## What the exercise asks
Print each record below precisely, with every picture left out of the copy.

(Data supplied begins)

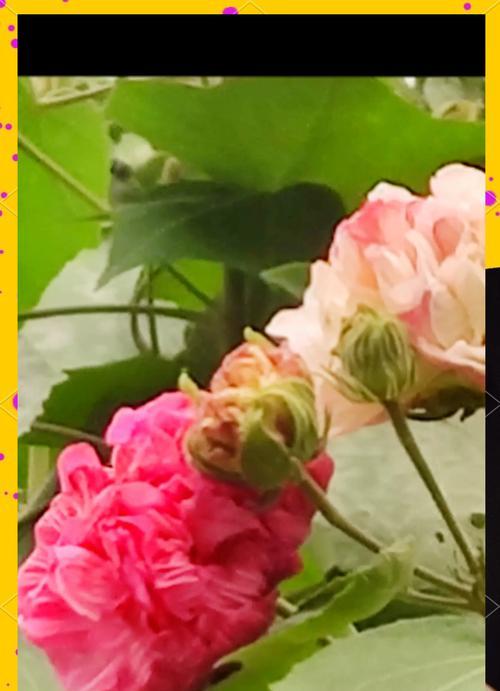 芙蓉花的寓意象征是什么？芙蓉花代表了哪些美好含义？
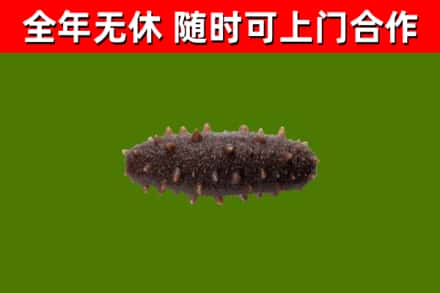 庆安县烟酒回收干海参.jpg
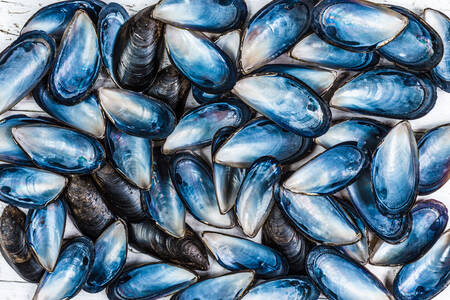 Conchas de mejillones azules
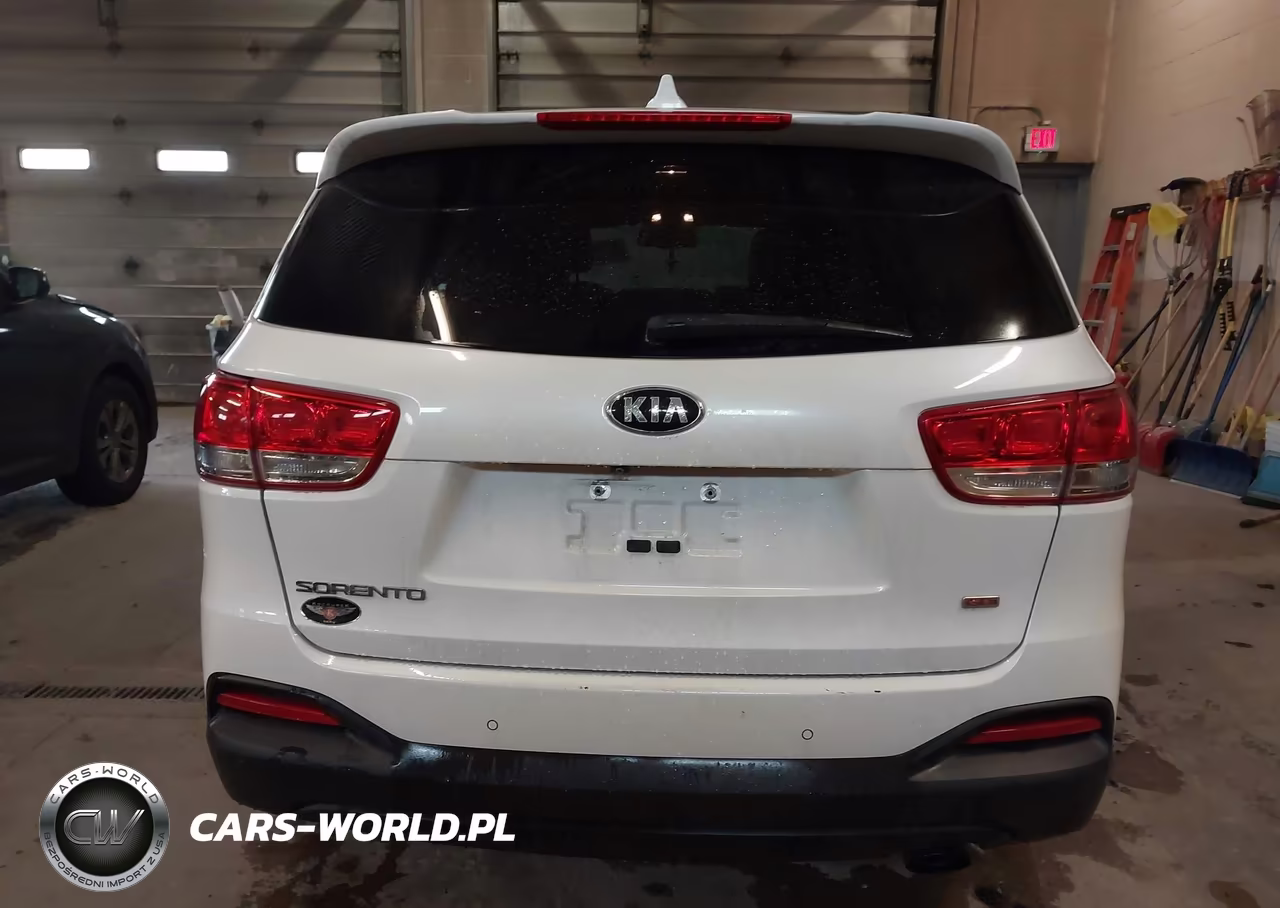 2017 Kia Sorento 2.4L Lx VIN:5XYPGDA34HG253712 - 17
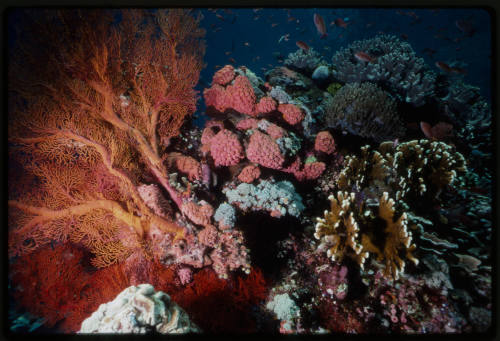 Damselfish swimming around colourful coral reef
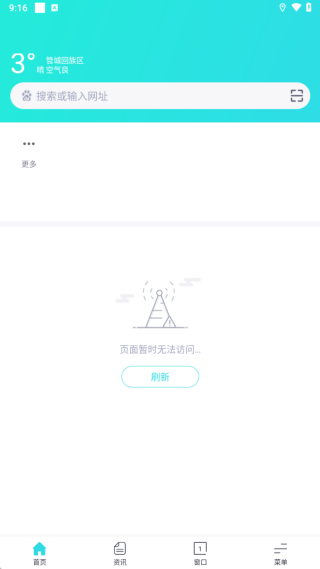 绿叶浏览器国际版
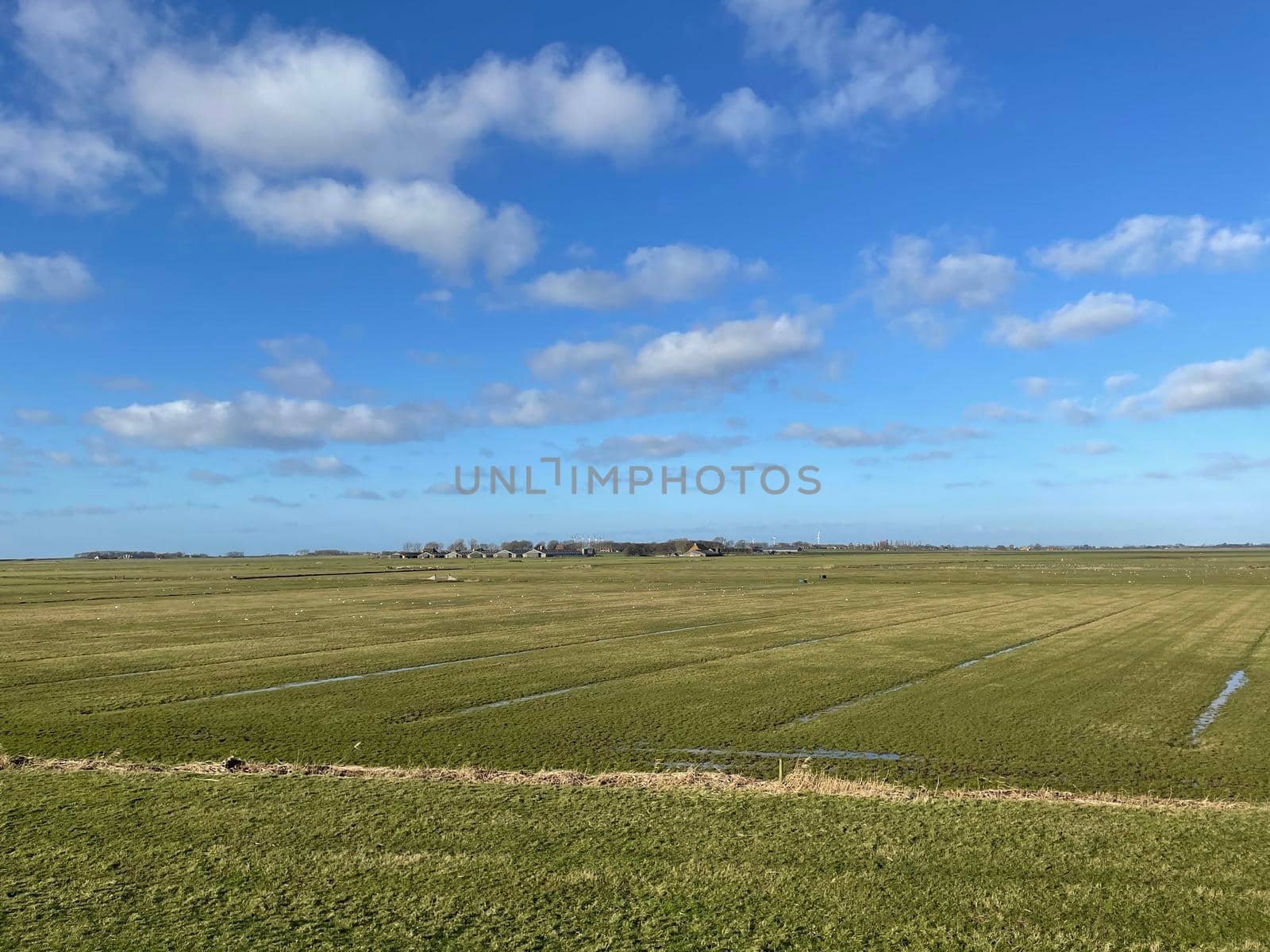 Farmland around Laaksum in Friesland, The Netherlands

(Data supplied ends)

## Solution for this exercise
 芙蓉花的寓意象征是什么？芙蓉花代表了哪些美好含义？
 庆安县烟酒回收干海参.jpg
 Conchas de mejillones azules
 2017 Kia Sorento 2.4L Lx VIN:5XYPGDA34HG253712 - 17
 Damselfish swimming around colourful coral reef
 绿叶浏览器国际版
 Farmland around Laaksum in Friesland, The Netherlands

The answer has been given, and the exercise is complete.